A crônica e as cidades
No cotidiano, imersos em preocupações, nem sempre prestamos atenção às cenas urbanas, mas estão ali os nossos filmes diários
PUBLICAÇÃO
sábado, 03 de agosto de 2024
No cotidiano, imersos em preocupações, nem sempre prestamos atenção às cenas urbanas, mas estão ali os nossos filmes diários
Celia Musilli
Reunir crônicas para um livro é visitar de novo os acontecimentos. Ao separar 50 crônicas, entre as centenas que escrevi, para o livro "A Cidade na Retina", a ser lançado em breve, revi lugares, pessoas e situações que formam o cenário de uma vida.
A maioria dessas crônicas se passa em Londrina, outras em Campinas e São Paulo, onde também vivi.
Nestas e outras cidades me alegrei, entristeci e, sobretudo, passei por tantas experiências diferentes que formam avenidas existenciais, atmosferas, relacionamentos com outras pessoas, laços que se juntam e se dissolvem.
A vida urbana oferece uma riqueza imensurável de impressões.
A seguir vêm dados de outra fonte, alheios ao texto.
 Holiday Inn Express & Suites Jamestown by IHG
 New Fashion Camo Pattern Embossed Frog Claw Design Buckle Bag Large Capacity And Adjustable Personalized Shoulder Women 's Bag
Não à toa, os surrealistas elegeram a condição de flanar pelas cidades como a da liberdade que permite o maravilhamento em situações do cotidiano, em busca da dimensão real de nossa passagem pelo mundo.
As cidades, suas esquinas, seus becos e seus personagens estão à disposição e à espera da criatividade que transforma nossa leitura da vida.
Não se trata apenas de dobrar uma esquina, mas perceber que aquela esquina oferece um canal de vento especial, o cheiro do restaurante ou a placa com um nome histórico.
No cotidiano, imersos em preocupações, nem sempre prestamos atenção às cenas urbanas, mas estão ali os nossos filmes diários, o enredo, as narrativas a serem escritas, a confusão e a ordem que, no meu caso, formam a alma da crônica.
Minha relação com as cidades vem desde a infância, quando meu pai me tomava pela mão ensinando como atravessar a rua.
Desde então foram muitas travessias, da avenida Paraná à avenida São João, com a manha de cortar as praças para encurtar caminhos, em vez de apressar o passo.
A travessia da cidade merece mais calma que pressa, mais contemplação que mera passagem, mais atenção aos detalhes do que o afobamento de chegar antes.
Nem sempre é importante chegar primeiro, mas caminhar, integrando-se à paisagem como os insetos, o urubu que plana, a ave que faz o ninho nos semáforos. Assim praticamos uma entrega aos olhares que, no fim das contas, são o fio da mais uma história.
Não a história grande, mas a pequena, do cotidiano que pode parecer igual mas é múltiplo como o pôr do sol que não se repete ou as nuvens sempre em novos desenhos.